Description Jonathan Robie 2007-01-29 15:42:48 UTC
Replacing optional content is very awkward, as discussed here:

http://lists.w3.org/Archives/Member/member-query-ultf/2006Feb/0040.html

My preferred solution to this is Version 2 of the fold proposal:

http://lists.w3.org/Archives/Member/w3c-xml-query-wg/2006Oct/0058

Giorgio provides good reasons for preferring Version 2:

http://lists.w3.org/Archives/Member/w3c-xml-query-wg/2006Oct/0064.html
Comment 1 Michael Kay 2007-01-29 16:17:30 UTC
The thing I don't like about this is that it special-cases operations on singletons. We should try to design operations that a general enough to work on sets or sequences.

Is it really that much of a hardship to do a delete first, then an insert?
Comment 2 Don Chamberlin 2007-02-12 20:17:04 UTC
Responding to comment #1 from Michael Kay:

As I understand it, the update spec does not currently provide any combination of expressions that is equivalent to the proposed "fold" expression. Here are two attempts to simulate the effects of the following "fold" expression:

fold <c/> into /a/b

(1) We could try a delete followed by an insert:

delete /a/b,
insert <c/> after /a/b

In this case, the new node <c/> will be inserted just after the position of the deleted b-node, but in nondeterministic order with other nodes that are also inserted after /a/b in the same snapshot. So this approach is not equivalent to the fold expression.

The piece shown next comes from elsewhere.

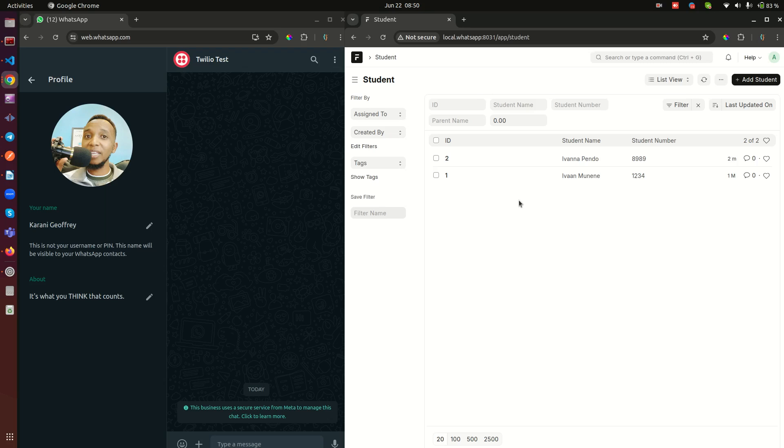I want to show you how it is working so that you can figure out how this can be of use to your business. Now this is WhatsApp and here I have a Frappe application with just two students. So this is basically a student document that I have created for test.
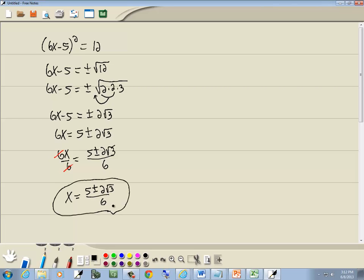And this would be our answer. There's no need to split it apart because this is 2 square root of 3, so there's no way I'm going to be able to combine that together with a 5.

(2) We could try a conditional with a replace-branch and an insert-branch:

if (/a/b)
then replace /a/b with <c/>
else insert <c/> into /a

This approach has a serious problem: the else-branch does not specify the position within the parent where the new node should be inserted. It cannot say
"after /a/b" because in this branch we know that /a/b does not exist. So this approach is also not equivalent to the fold expression. 

Regards,
Don Chamberlin
Comment 3 Michael Kay 2007-02-12 20:41:28 UTC
I don't think I understand the semantics of the proposed fold operation. If my existing element has children Q, T, and G, and I fold in a sequence containing Z, T, and K, what is the resulting sequence? Does it use schema knowledge to know that the Z belongs before the Q and the K belongs after the G? If the schema said that the K element has to come first, would it give me K Z Q T G?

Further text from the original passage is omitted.